Data block |
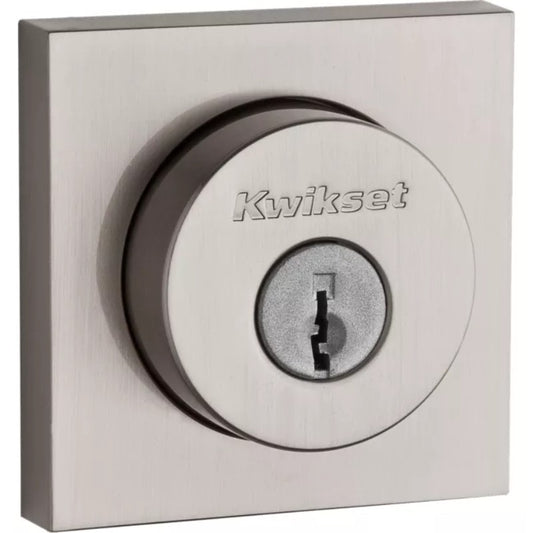 Halifax Square Exterior Deadbolt in Satin Nickel - Round Corner Adjustable Latch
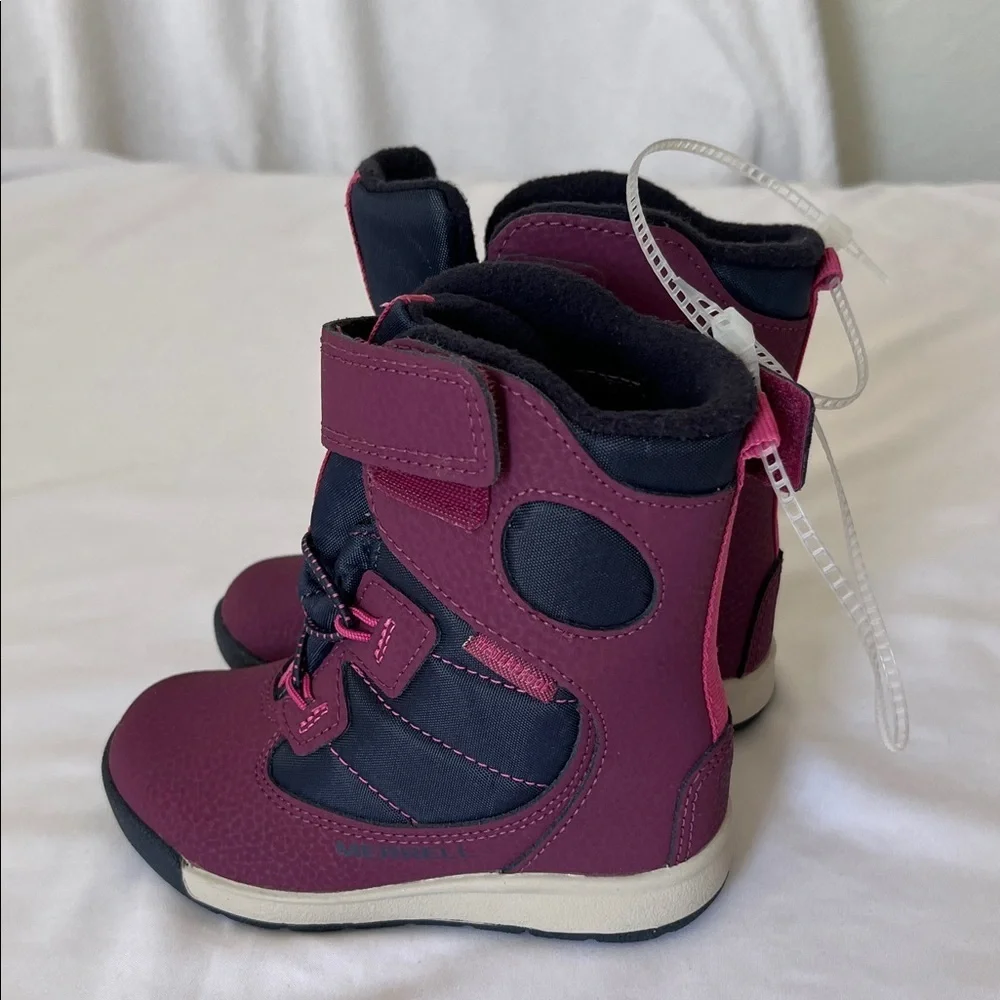 Merrell Kids Burgundy and Black Boots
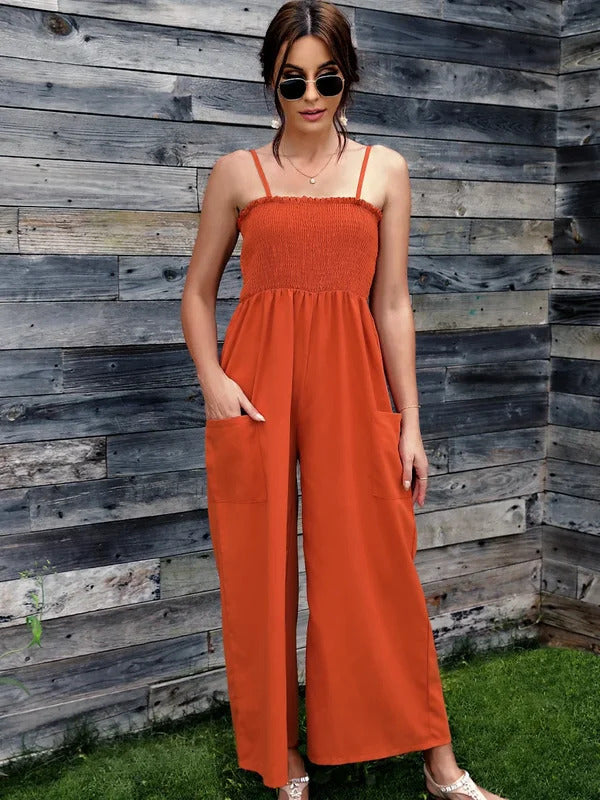 Fitshinling Vintage Summer Long Jumpsuit Women Romper Spaghetti Strap Sleeveless Pockets Wide Leg Playsuit Sexy Loose Jumpsuits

What is needed | Reproduce the lines from the one with "Merrell Kids Burgundy and Black Boots" through the end of the data, keeping both end lines, adding nothing, and dropping any pictures.

Exercise response |
 Merrell Kids Burgundy and Black Boots
 Fitshinling Vintage Summer Long Jumpsuit Women Romper Spaghetti Strap Sleeveless Pockets Wide Leg Playsuit Sexy Loose Jumpsuits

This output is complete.